- EXERCISE PROMPT
If pictures are present, leave them out, and copy the data word for word.

- SUPPLIED DATA

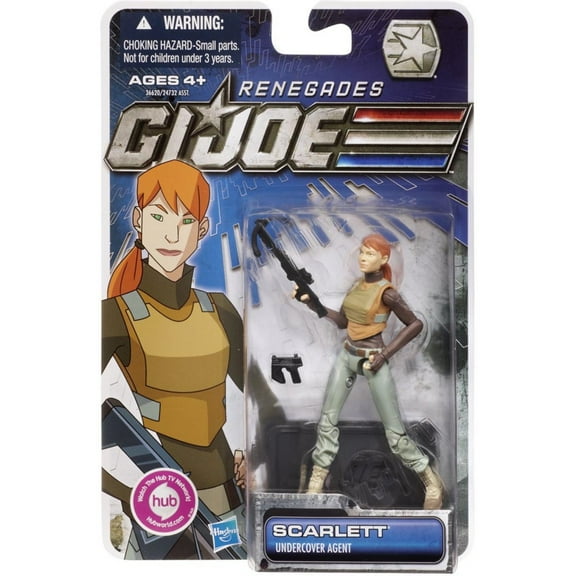 G.I. Joe Action Figure
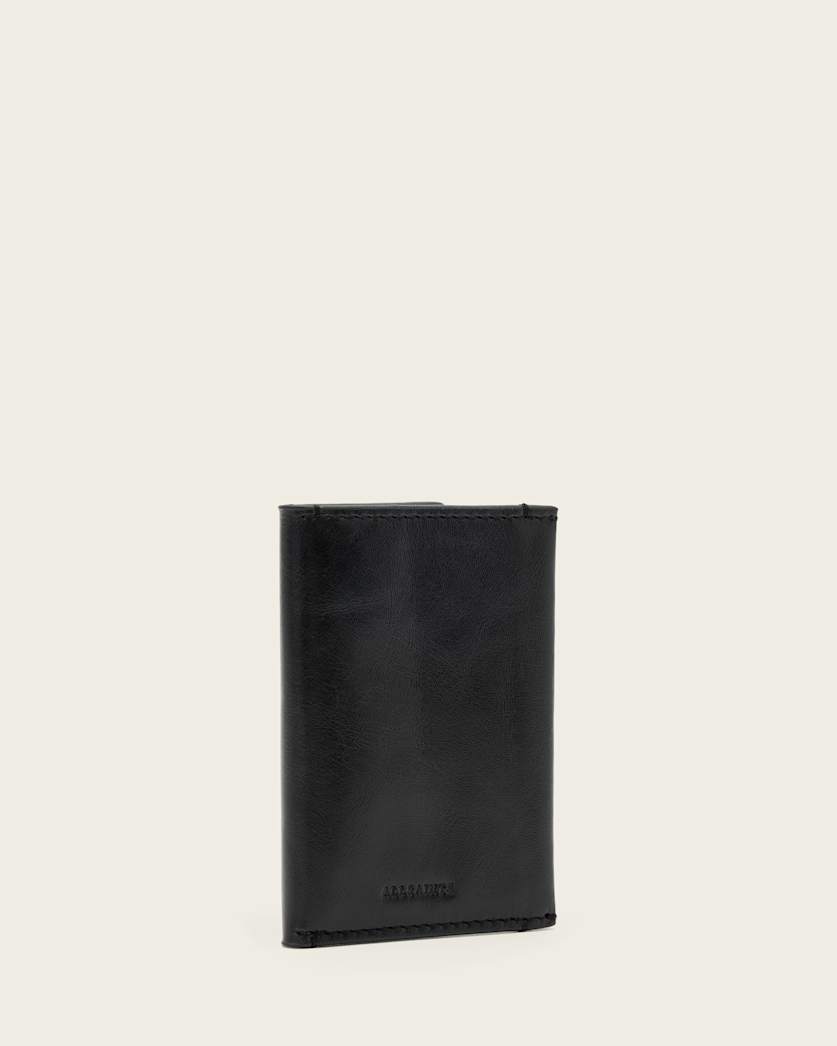 Bifold Leather Wallet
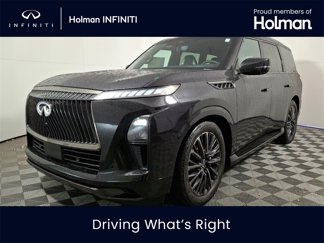 New 2025 INFINITI QX80 Autograph image 1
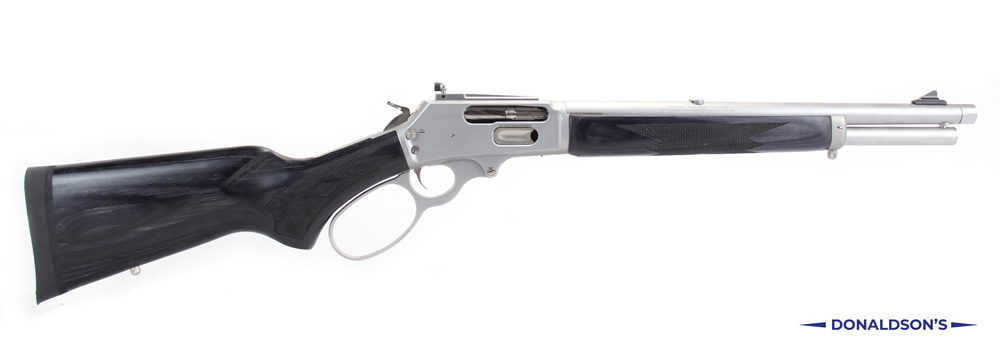 MARLIN .45-70 1895 TRAPPER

- ANSWER BELOW
 G.I. Joe Action Figure
 Bifold Leather Wallet
 New 2025 INFINITI QX80 Autograph image 1
 MARLIN .45-70 1895 TRAPPER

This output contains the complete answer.